All in all, the evidence suggests that 2017 will be a year of reasonable growth, but one in which margins will remain under pressure
The tax refund dynamic also shows up in where the declines are coming from: discretionary categories have suffered far more than non-discretionary. Electricals, a product many people indulge in when spending their refunds, has recorded a year-over-year sales decline of almost 10 percent.
It will be of some comfort to retailers that back in 2013 retail sales growth bounced back in the months following February; a pattern we expect will be repeated over the coming reporting periods.
The other factor that needs to be appreciated is that 2016, the comparison against which this year’s figures are made, was a leap year.
This is not accounted for in the non-seasonally adjusted figures and so dampened growth. The February 2013 figures also suffered from this impact as 2012 was a leap year.
Given all this, it is fair to say that the down-tick in spending during February is not the result of structural factors or a downswing in consumer sentiment; it is largely a temporary blip.
The evidence from our own sentiment tracker, and other indicators such as the labour market numbers, backs up this view: there is nothing to suggest that the consumer economy should be losing this much momentum.
Yet as much as this softening of retail numbers is temporary, it would be imprudent not to recognise that there are some underlying pressures on retail that may take the edge of growth over the coming months.

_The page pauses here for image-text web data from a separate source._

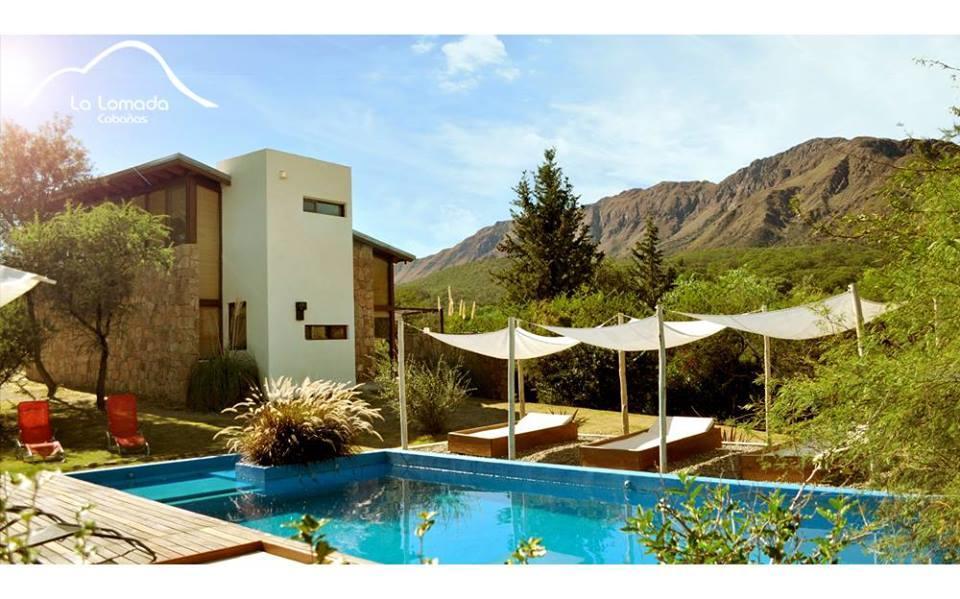 Отель La Lomada Cabanas Капилья-дель-Монте Экстерьер фото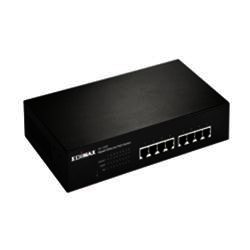 Edimax 8-Port Gigabit PoE+ Switch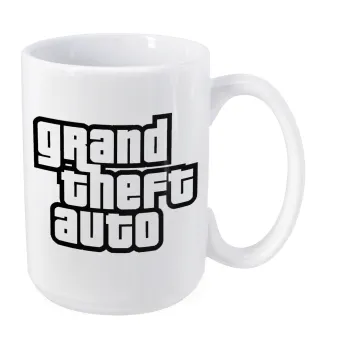 GTA (grand theft auto), Κούπα Mega, κεραμική, 450ml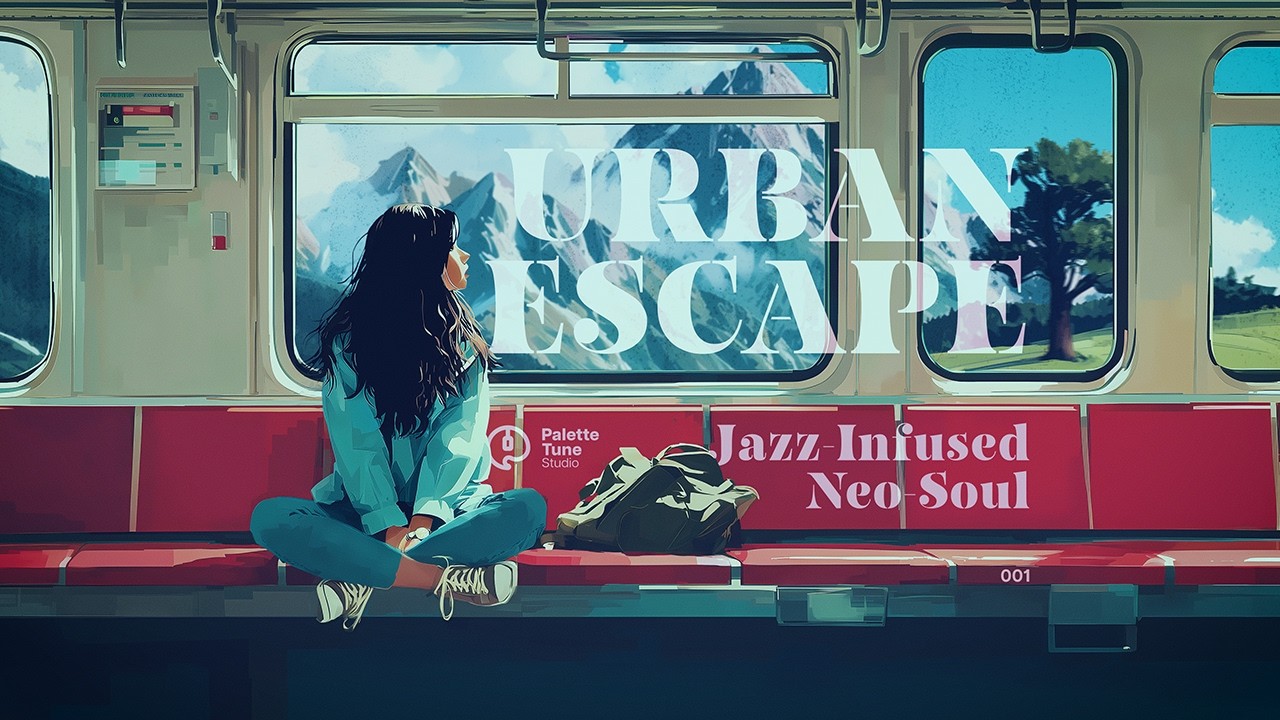 The Serene Palette | Urban Escape: Soulful Neo-Soul to Find Your Inner Peace Anywhere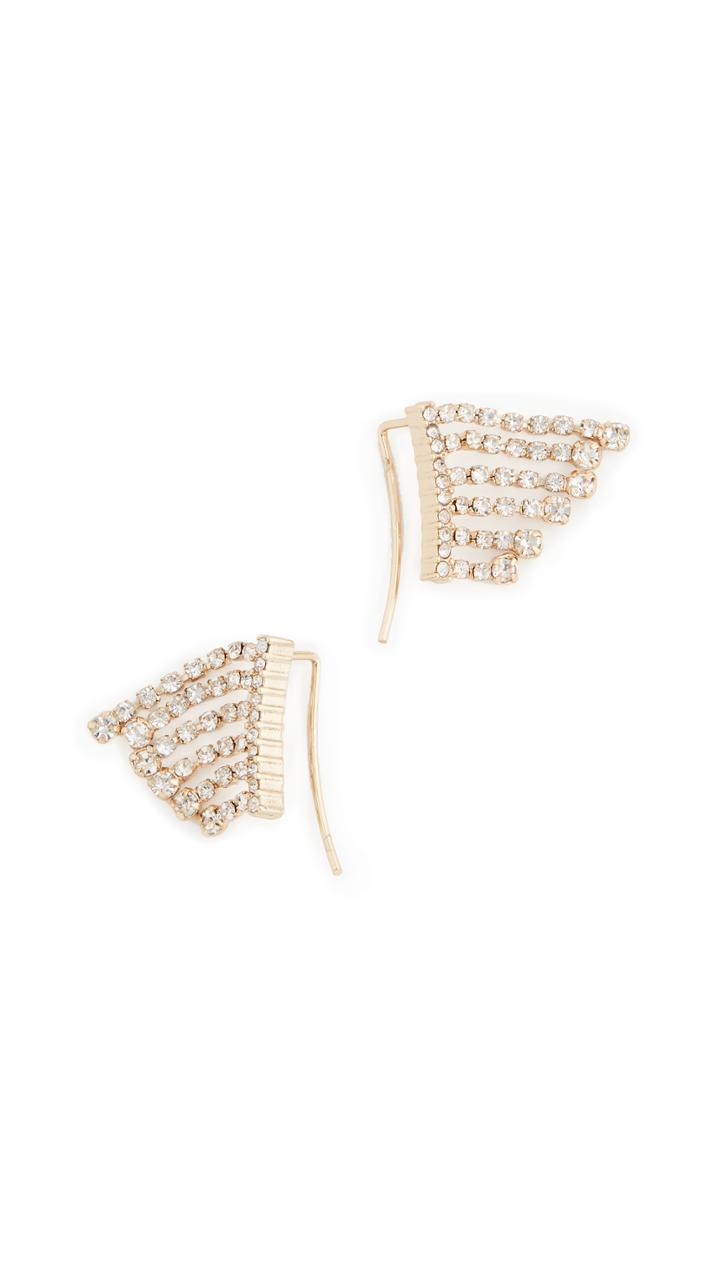Baublebar Delicate Drop Ear Crawler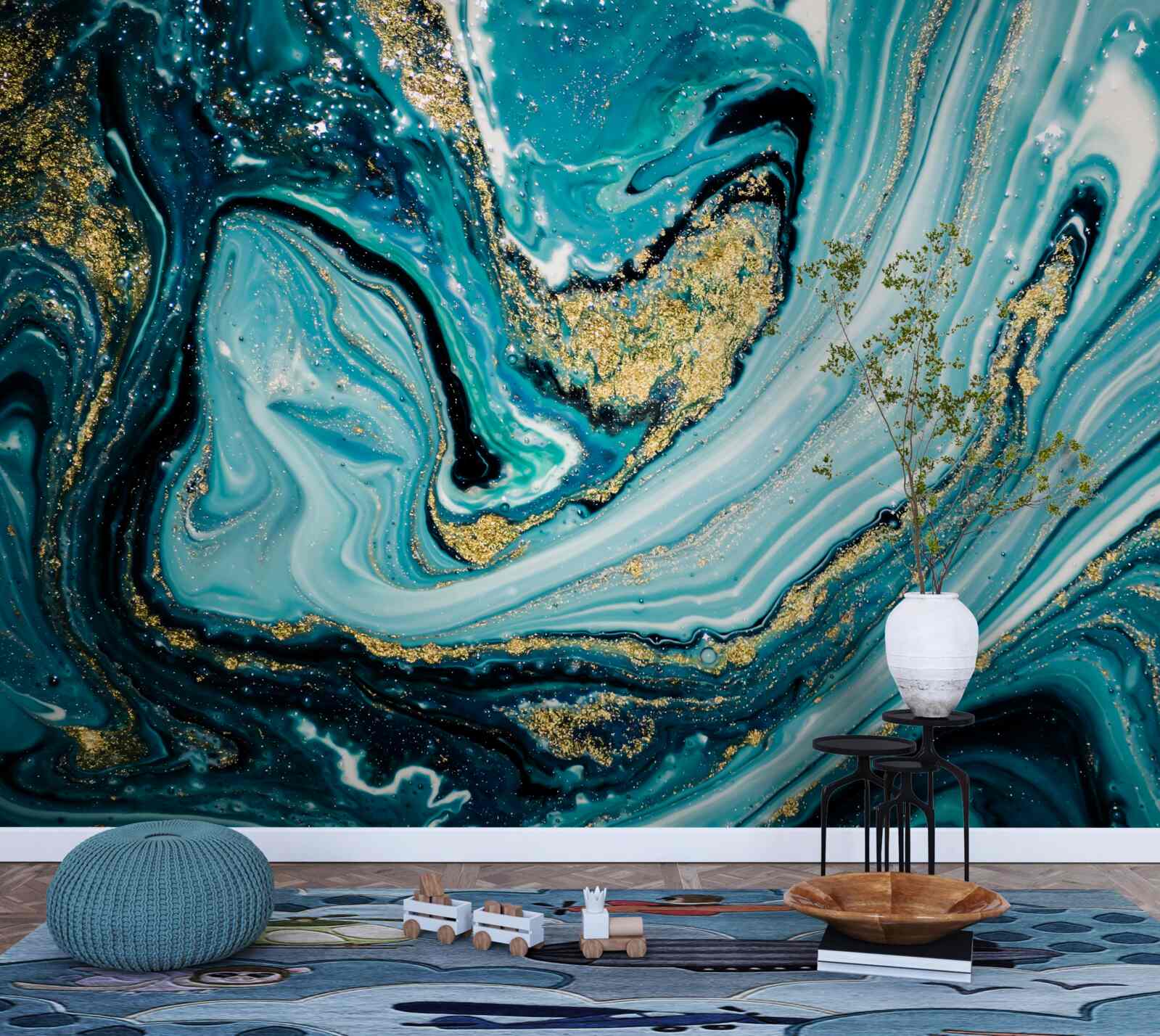 Фотошпалери пишні простори морських глибин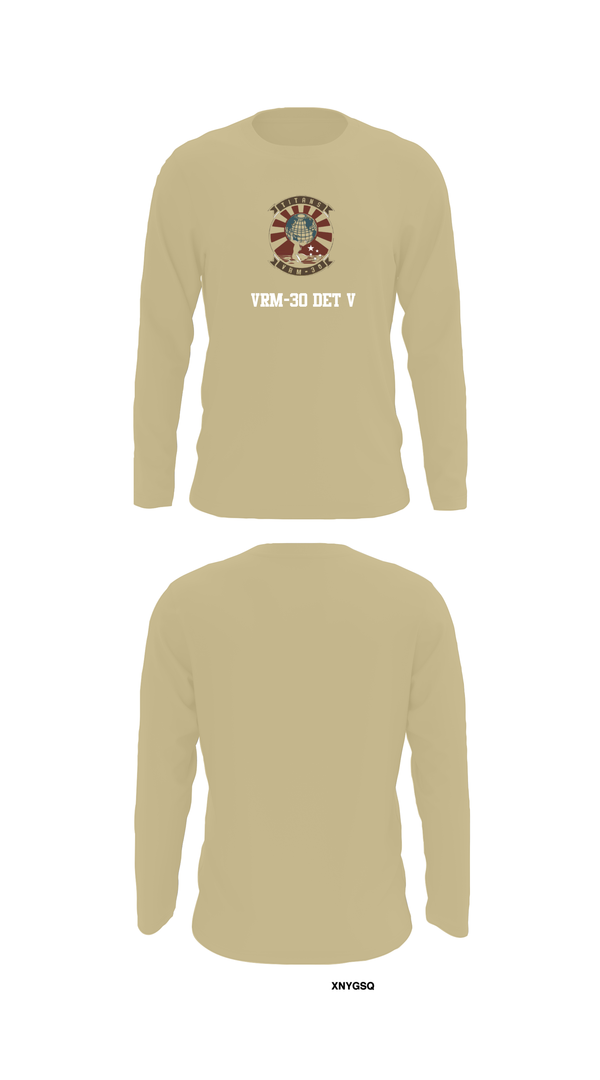 Long Sleeve Performance Shirt, VRM-30 DET V, Navy, Teamtime, Team time, sublimation, custom sports apparel, team uniforms, spirit wear, spiritwear, sports uniforms, custom shirts, team store, custom team store, fundraiser sports, apparel fundraiser
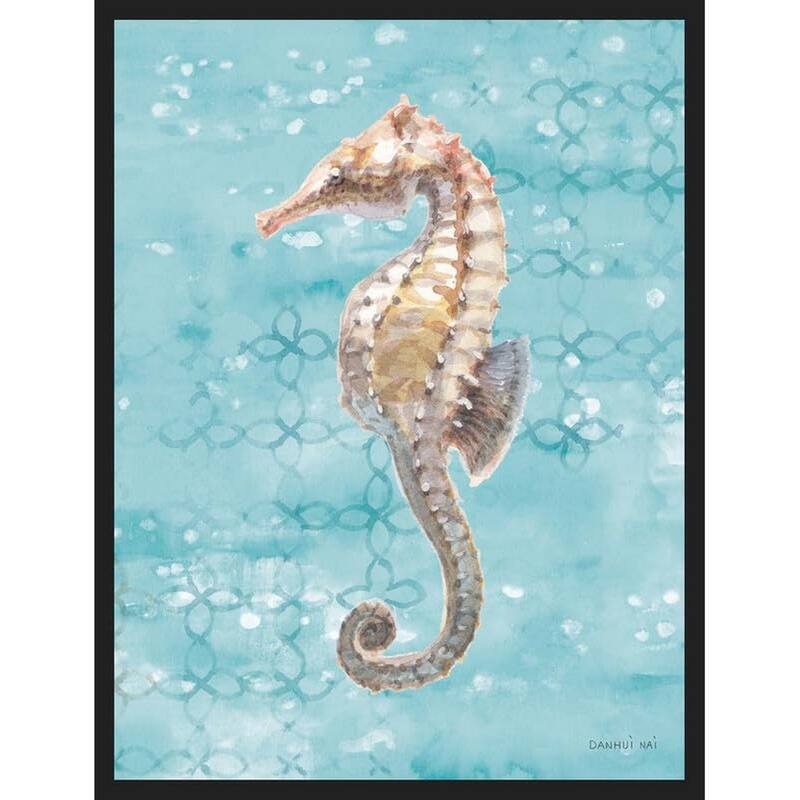 Sunrise Beach IV Framed Poster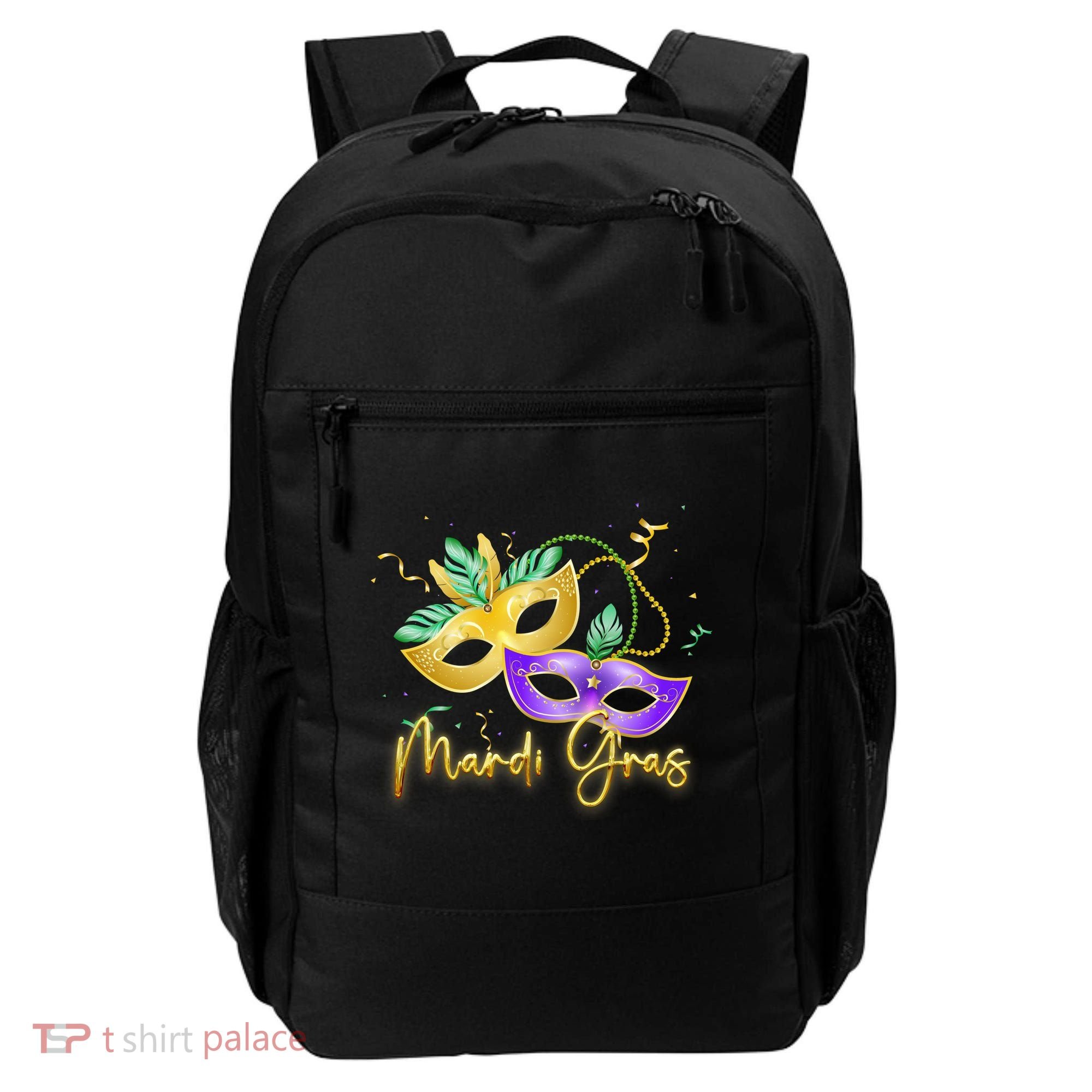 Mari Gras New Orleans Party Backpack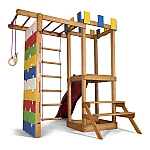 Деревянный игровой комплекс Sportbaby Babyland-14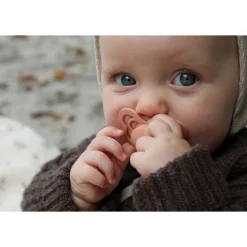 Bibs Smokk, , Supreme, Silicone, Size 2, Vanilla/Dark Oak, 2pk Online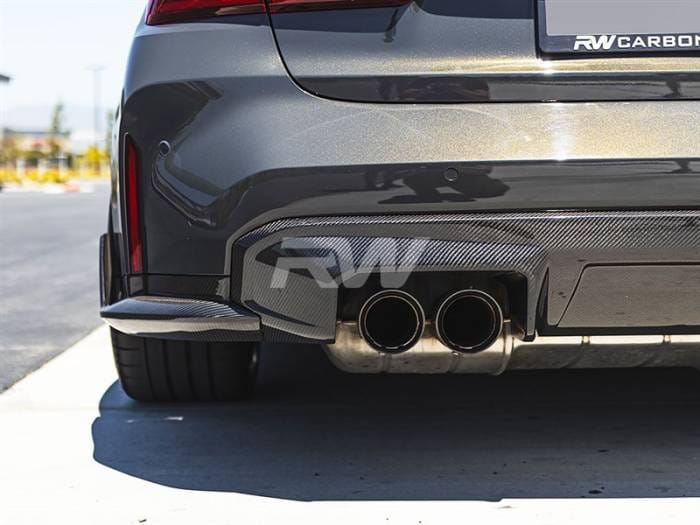 BMW G8X M3/M4 Carbon Fiber DTM Diffuser bmwg8x08 thumbnail 4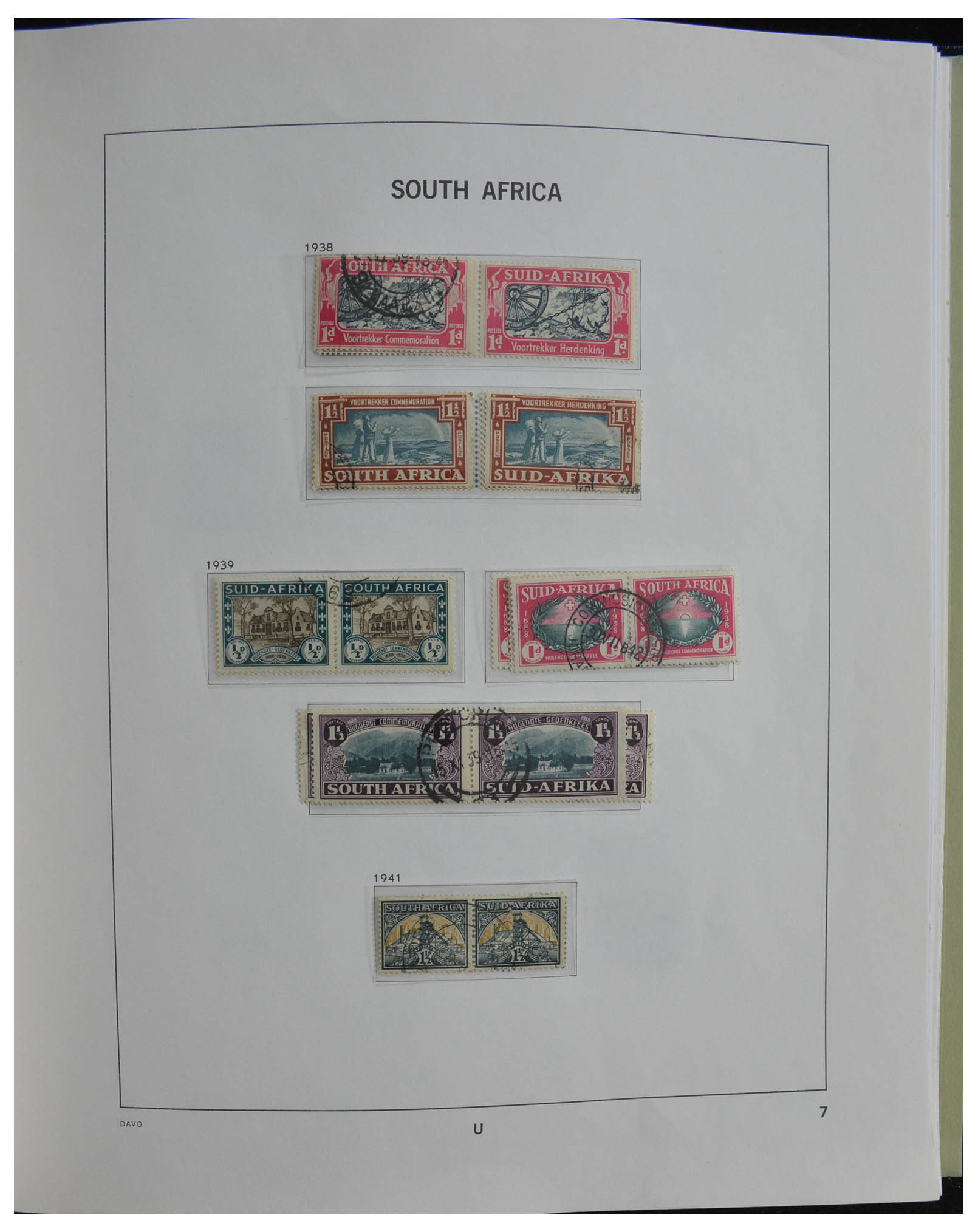28303 013 - 28303 Zuid Afrika 1910-2003.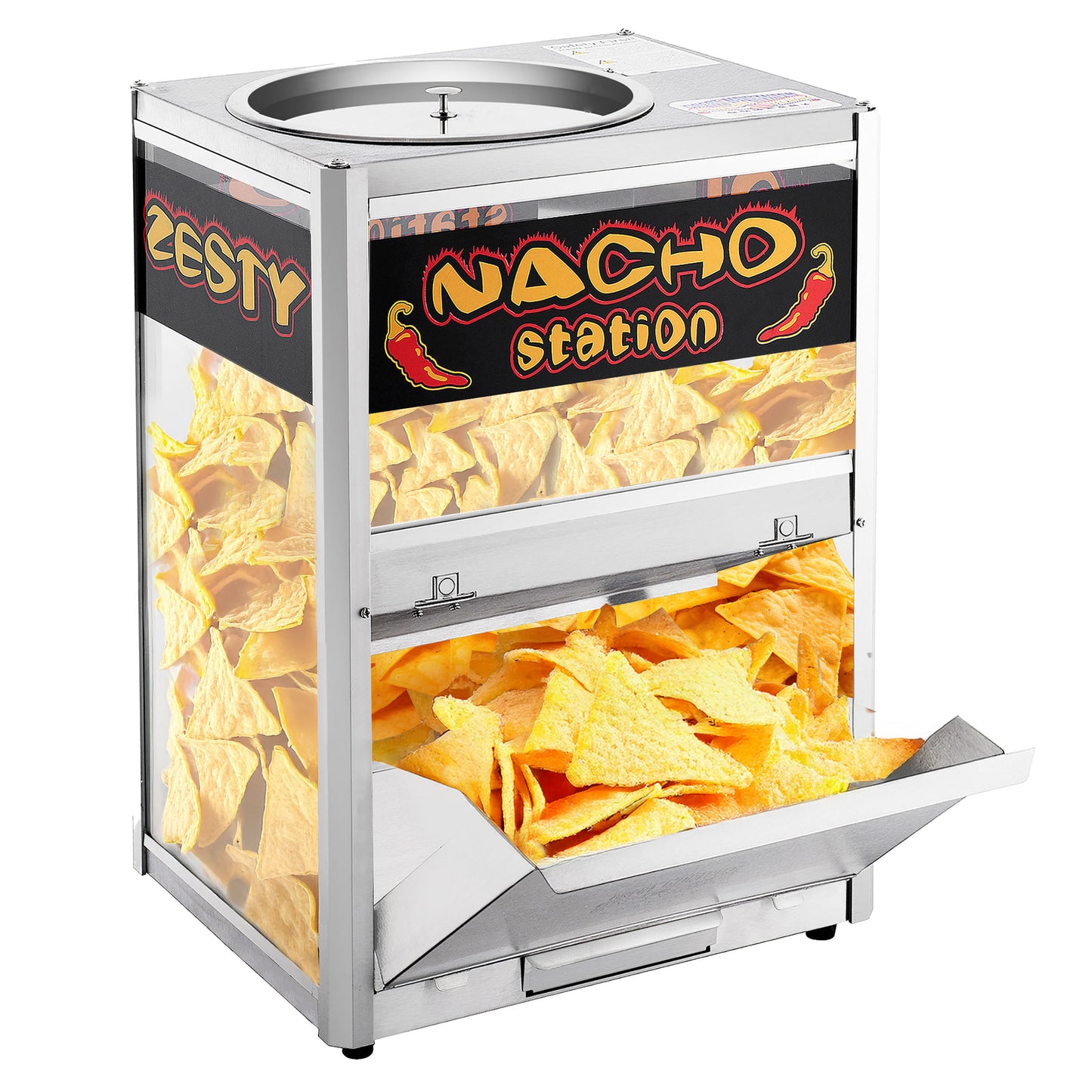 Great Northern Popcorn Nacho Machine Food Warmer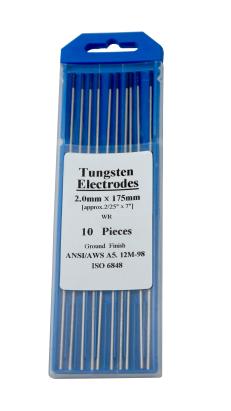Electrozi tungsten mov ProWELD WR20, 2.0 x 175 mm, set 10 buc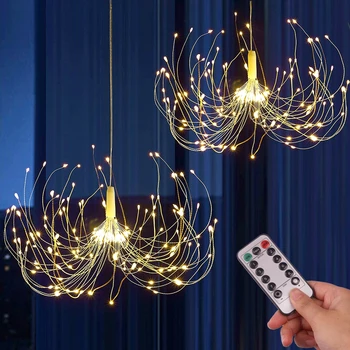 200 LED String Šviesos Kabinti Starburst Lempos 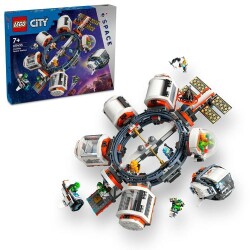 Lego City Modüler Uzay İstasyonu 60433 - 1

The rise in fuel prices is foremost among these. Although there are now signs that pump prices are moderating and may start to fall as spring approaches, there is no doubt that consumers are paying more to fill up their vehicles – something that puts a dint in the amount they can spend elsewhere.
Discounting levels are another feature of the market which will dampen growth. This is something that has affected apparel players for a time, and it is now starting to impact food retailers in a more significant way.
All in all, the evidence suggests that 2017 will be a year of reasonable growth, but one in which margins will remain under pressure.